BENZINA, NAFTA, GAS E PANE: STOP AL MERCATO NERO

DI RAFFAELE VESCERA

 

Il ministro Cingolani ha definito l’aumento del prezzo del carburante una colossale truffa.
Certo che lo è, di più: è “mercato nero” di bellica memoria, tornato in vita per una guerra che mondiale non è. Con il barile del petrolio, il cosiddetto brent, salito da 90 a 100 dollari, circa il 12%, portare i prezzi di benzina e diesel ben oltre i due euro al litro, con un aumento di quasi il 30%, è ancor di più una rapina, poiché con lo stesso prezzo del brent, rialzato anni fa da 90 a 100 dollari, benzina e diesel viaggiavano intorno all’euro e settanta al litro.
Stesso discorso vale per il gas e per il pane, con prezzi raddoppiati, seppure per ragioni diverse.
Aumenti che colpiscono ancor di più i cittadini residenti al Sud, dove lo Stato italiano fa in modo che il reddito sia dimezzato per via dell’alta disoccupazione e i trasporti pubblici, a partire dalle ferrovie, siano negati.
E allora perché tali ingiustificati aumenti dei carburanti, senza dire del conseguente raddoppio del prezzo delle bollette di luce e gas? Perché tale truffa ai danni di chi lavora e si suda la vita? Non è forse pura speculazione applicare tali prezzacci con la conseguenza di far alzare i prezzi di tutte le merci, provocando scioperi di autotrasportatori che non ce la fanno a sostenere i costi e l’aumento dei prezzi nei supermercati, presi d’assalto dalle persone che temono rincari ancora maggiori?
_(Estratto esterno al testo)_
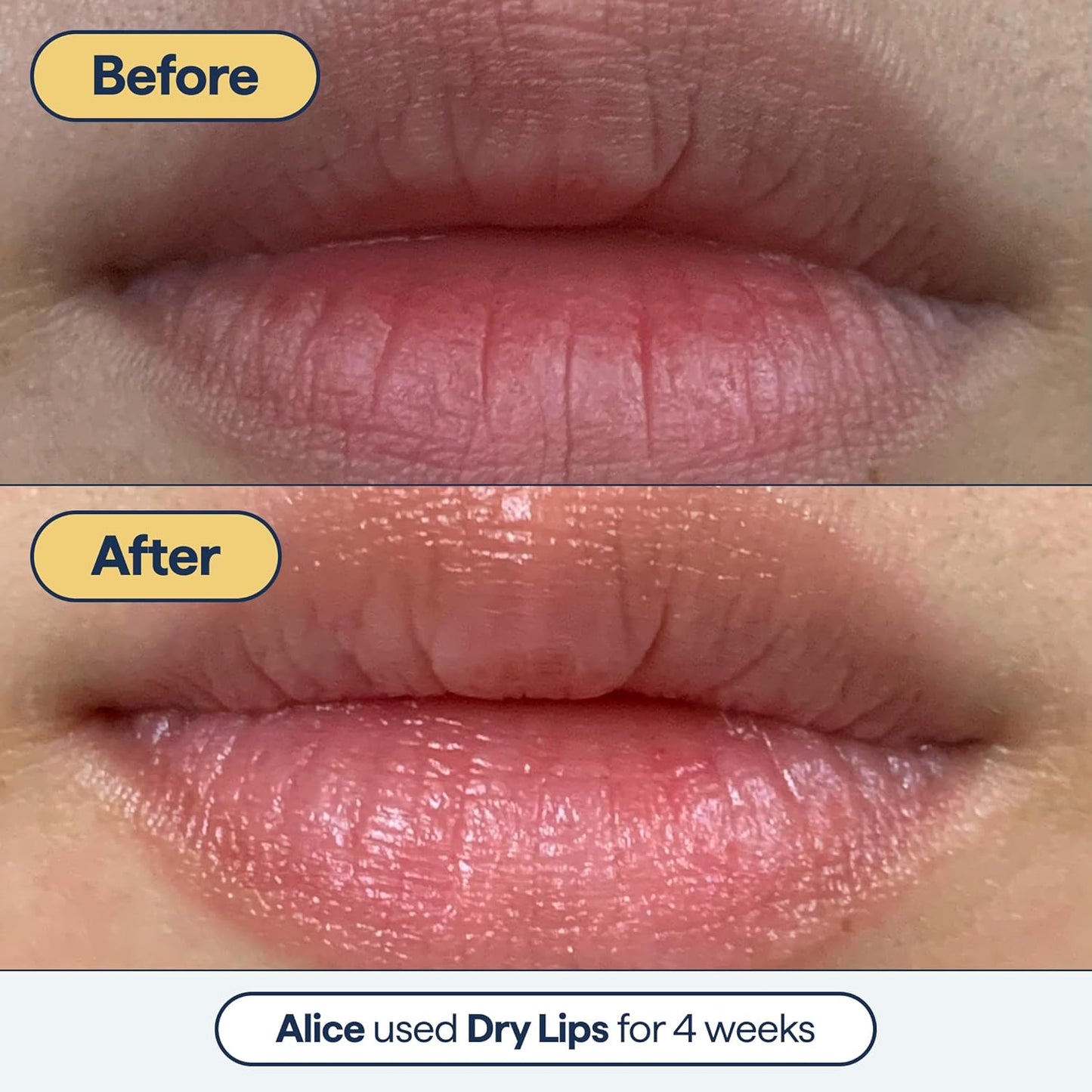 Remedy for Dry Lips - Hydrating and Healing Lip Balm Ointment with Ceramides, Peptides, and Dimethicone - Repairs Dry, Cracked Lips - By Dermatologist Dr. Shah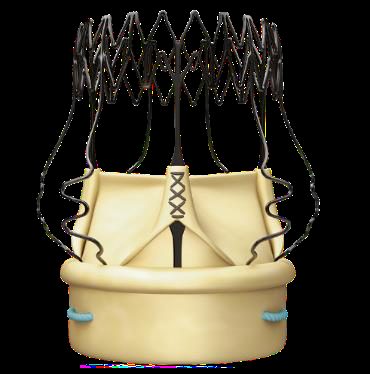 Illustration d'une valve cardiaque percutanée auto-expansible, armature métallique en treillis portant les feuillets biologiques déjà montés.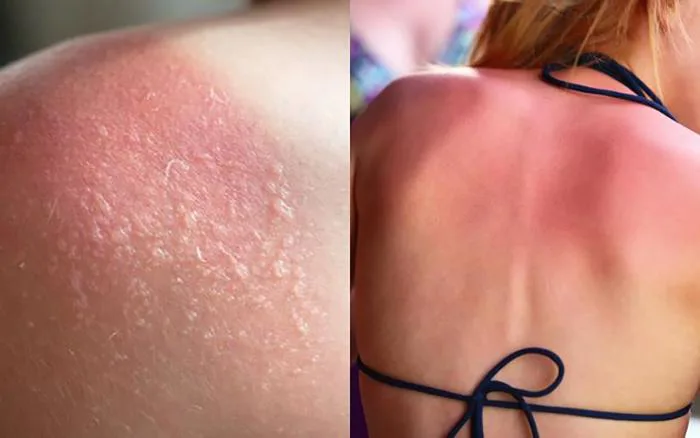 Giải cứu' làn da bị cháy nắng, mẩn đỏ sau khi đi nắng
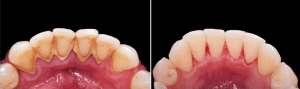 Gum  treatment  in  Morton  Grove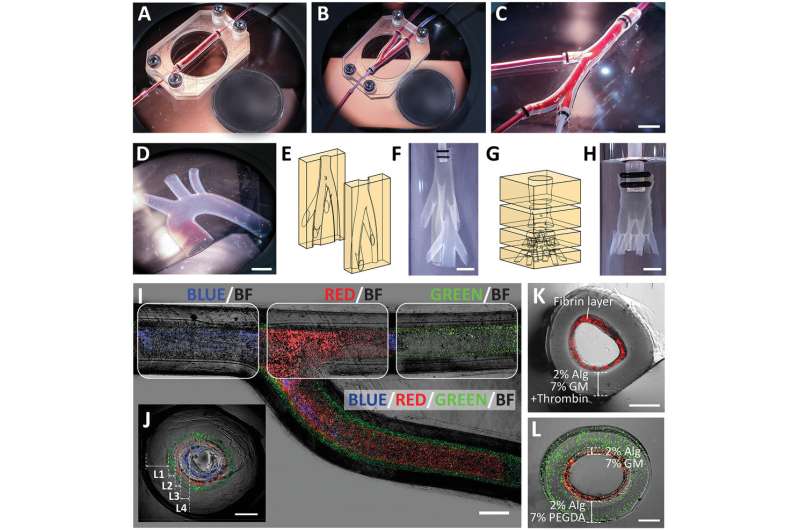 Researchers turn to age-old molding technique to 3D-print cell-laden vascular models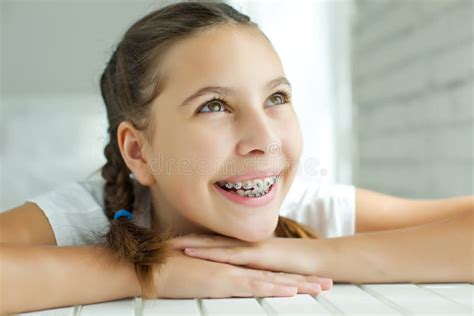 Close Up Portrait Of Smiling Teenager Girl Showing Dental Braces Isolated On White Background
Chi ci guadagna e chi sono gli speculatori di tale mercato nero?
Certamente le multinazionali del petrolio che, approfittando della crisi provocata dall’invasione russa dell’Ucraina, in mancanza di una presenza regolatrice dello Stato fanno quanto gli pare: è il neoliberismo perfetto bellezza.
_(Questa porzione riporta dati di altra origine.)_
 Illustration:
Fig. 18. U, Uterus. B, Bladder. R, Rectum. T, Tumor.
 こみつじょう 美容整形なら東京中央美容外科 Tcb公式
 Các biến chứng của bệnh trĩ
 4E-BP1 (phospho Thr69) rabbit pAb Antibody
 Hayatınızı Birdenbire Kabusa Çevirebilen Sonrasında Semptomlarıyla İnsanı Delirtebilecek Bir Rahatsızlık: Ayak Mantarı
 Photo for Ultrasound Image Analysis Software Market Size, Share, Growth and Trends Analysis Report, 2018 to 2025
Lo stesso ministro Cingolani dovrebbe ricordare che le multinazionali italiane dell’energia, quali Eni, Enel e Snam, un tempo dello Stato e tuttora a forte partecipazione pubblica sono tra queste multinazionali, e lo stesso ministro insieme agli altri, Draghi compreso, dovrebbero ricordare che ben oltre la metà del prezzo dei carburanti è composta da “accise”, anche nel senso che gli “accisi” siamo noi da tante tasse, alcune delle quali risalenti addirittura ad eventi catastrofici di un secolo fa e lì rimaste a toglier soldi al portafogli del ricco che se ne impipa, e del povero che ne soffre.
Perché Draghi finge di non sapere che l’Eni (per il 30% statale) ha avuto decine di miliardi di extraprofitto mentre lo stato, così come aumentano i prezzi incassa molto di più in percentuale, con accise e Iva, determinando crisi dell’industria e del commercio e decrescita dell’economia generale? Occorre forse una rivolta morale del Paese, a partire dal Sud più colpito, per ricordaglielo?
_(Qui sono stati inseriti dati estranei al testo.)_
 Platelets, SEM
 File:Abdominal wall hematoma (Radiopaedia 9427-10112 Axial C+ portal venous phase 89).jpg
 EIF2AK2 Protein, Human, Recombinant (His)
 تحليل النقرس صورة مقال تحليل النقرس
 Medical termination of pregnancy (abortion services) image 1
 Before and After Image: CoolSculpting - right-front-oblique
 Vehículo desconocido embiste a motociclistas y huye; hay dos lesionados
Ma ancor di più gli va ricordato che il neoliberismo selvaggio da lui predicato, che porta a dismisura il divario tra ricchezza e povertà creando supermiliardari e nuovi schiavi, è la causa originaria di tale ingiustizia sociale di medievale memoria.
E mentre Germania e Francia riducono per legge il prezzo dei carburanti di una ventina di centesimi, seppur ancora pochi, Draghi che fa?